Backtesting rigoroso e gestione rischio
Il programma copre metodologie di backtesting per evitare overfitting: walk-forward analysis, out-of-sample testing e simulazioni Monte Carlo. Apprenderai come calcolare Sharpe ratio, maximum drawdown e implementare stop-loss dinamici basati su volatilità prevista da modelli GARCH.
Struttura del corso
Contenuti Formativi
- Setup ambiente cloud: configurazione istanze, networking, sicurezza credenziali API
- Acquisizione dati: connessione a Bloomberg, Reuters, Yahoo Finance via cloud functions
- Feature extraction per asset pricing: indicatori tecnici, sentiment analysis, volume profiles
- Modelli predittivi per direzione prezzo: classificatori binari e probabilità condizionate
- Reinforcement learning per ottimizzazione portfolio: Q-learning, policy gradient
- Execution algorithms: VWAP, TWAP, implementation shortfall minimization
- Risk management: position sizing Kelly criterion, correlazioni dinamiche
- Monitoring strategie live: dashboards, alerting, performance attribution
Tecnologie utilizzate
Python, TensorFlow, PyTorch, Kubernetes, Cloud Functions, BigQuery, Redis
Percorso di apprendimento
Analisi preliminare dei dati finanziari
Raccogliere e organizzare dataset di notizie finanziarie.
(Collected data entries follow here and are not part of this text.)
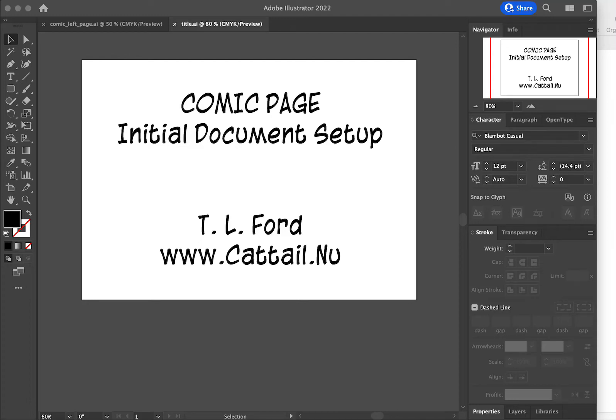Hi, I'm Theresa Ford and I'm going to talk to you about how to create a comic page in Adobe Photoshop. This video is going to cover the initial document setup.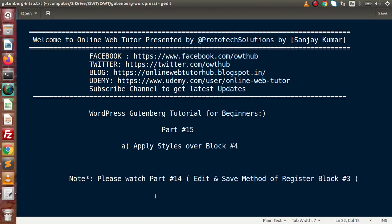Hello guys, welcome to Online Web Tutor presented by Proof of Text Sessions team. I am Sanjay. We are learning WordPress Gutenberg tutorial for beginners. This is part 15. Inside this video session, we will see how we can apply CSS styles over a created block in the editor.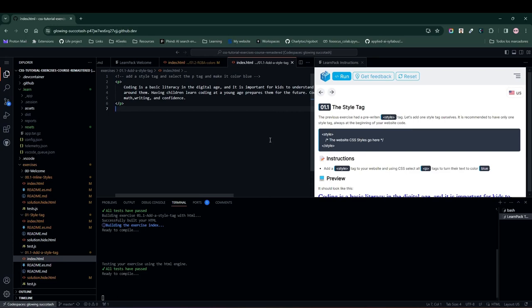Hello, future developers. Today we're going to learn how to add a touch of style to our HTML code. We're going to change the text color inside a P tag to blue.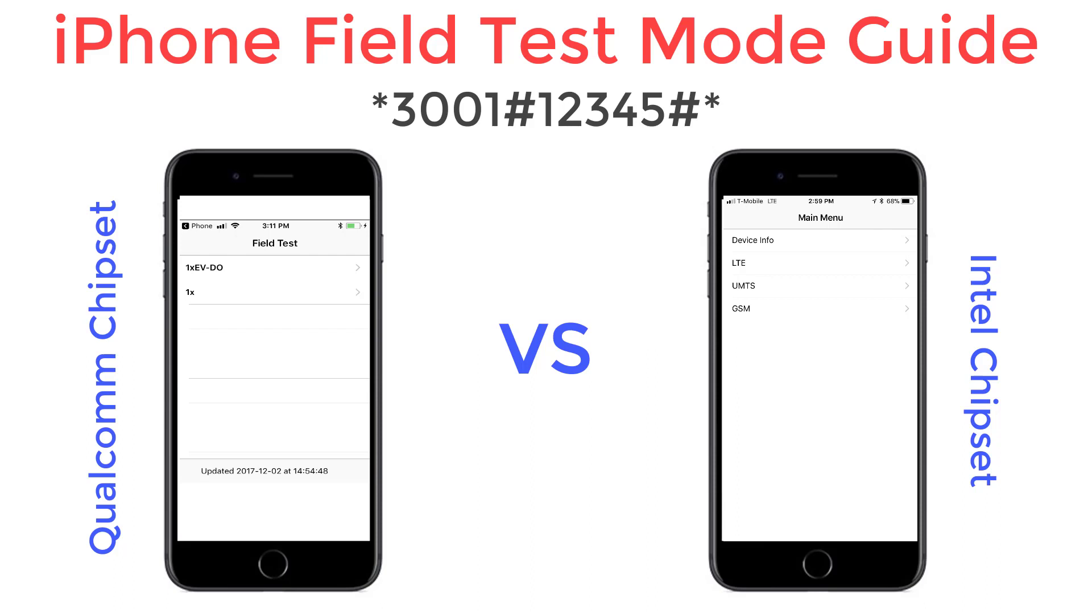Are you trying to make sense of the field test mode setting for iPhone? This video serves as a guide to the two working options and covers the iPhone 6 through the 10 as well as Verizon, Sprint, AT&T, and T-Mobile.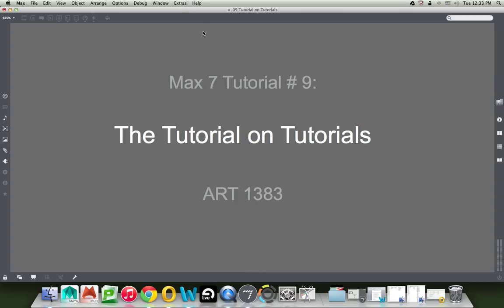Hi. Welcome to this MAX 7 tutorial number 9, the tutorial on tutorials. Today I wanted to stop working on the basic stuff we were working on and figure out how to access helpful information in MAX, the program itself.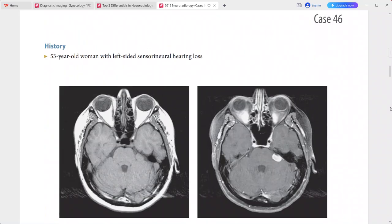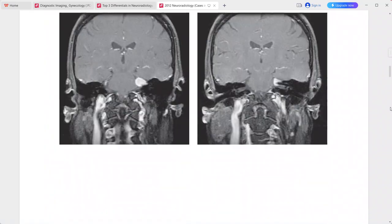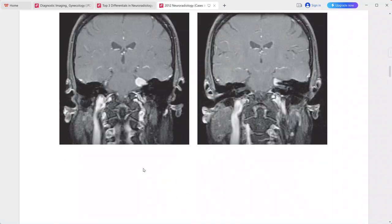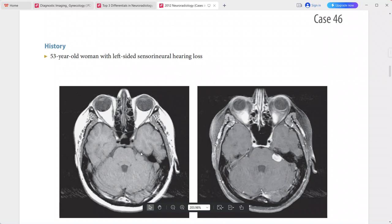Next: a 53-year-old woman presenting with left-sided sensorineural hearing loss. There is an extra-axial mass in the left cerebellopontine angle, centered above the internal auditory canal. It is isointense to white matter on pre-contrast T1 and enhances uniformly on post-contrast.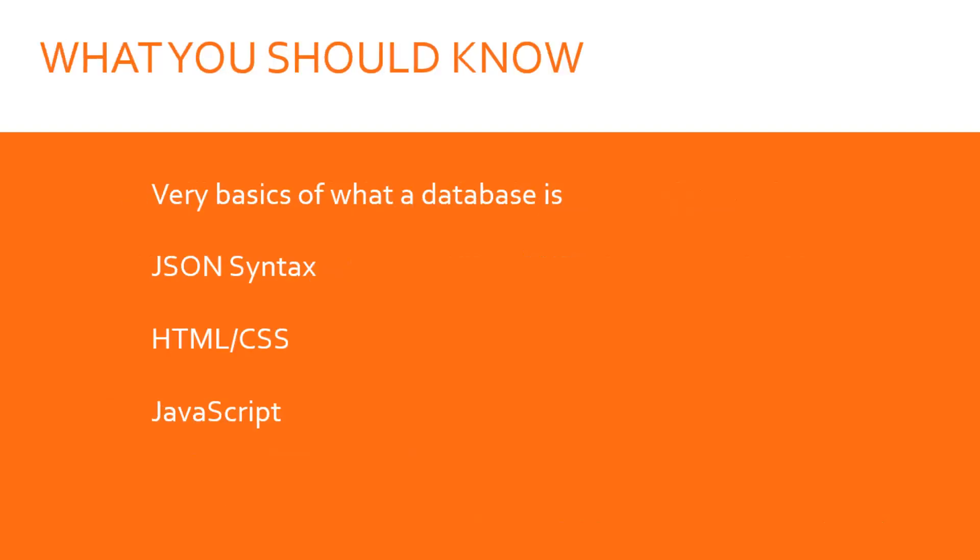So what you should know: you should have a basic understanding of what a database is and at least know some basics of web development. It is possible for you to take this course without knowing any of that, but the more you know, the easier it's going to be. JSON syntax is a real plus because MongoDB is a document database and stores documents in JSON format or JSON-like format.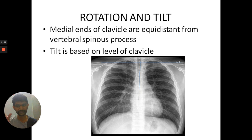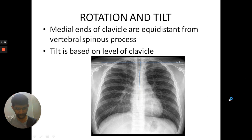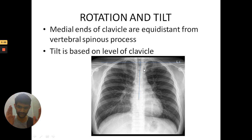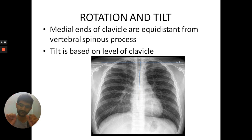Next comes rotation and tilt. For rotation, you have to look at the vertebral bodies and the sternal head of the clavicle and measure the distance. If they are equidistant, there is no rotation. If the right head distance is less and the left is more, then it is a rotation.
Identificare pattern testuali e metriche di mercato correlate.
Preprocessing e tokenizzazione
Applicare tecniche NLP per normalizzare il testo. Rimuovere rumore e preparare sequenze per i modelli.
Costruzione del modello predittivo
Implementare architetture di deep learning ottimizzate. Testare configurazioni su dataset di validazione.
Valutazione e deployment
Misurare accuracy e stabilità del modello. Integrare il sistema in pipeline di produzione reali.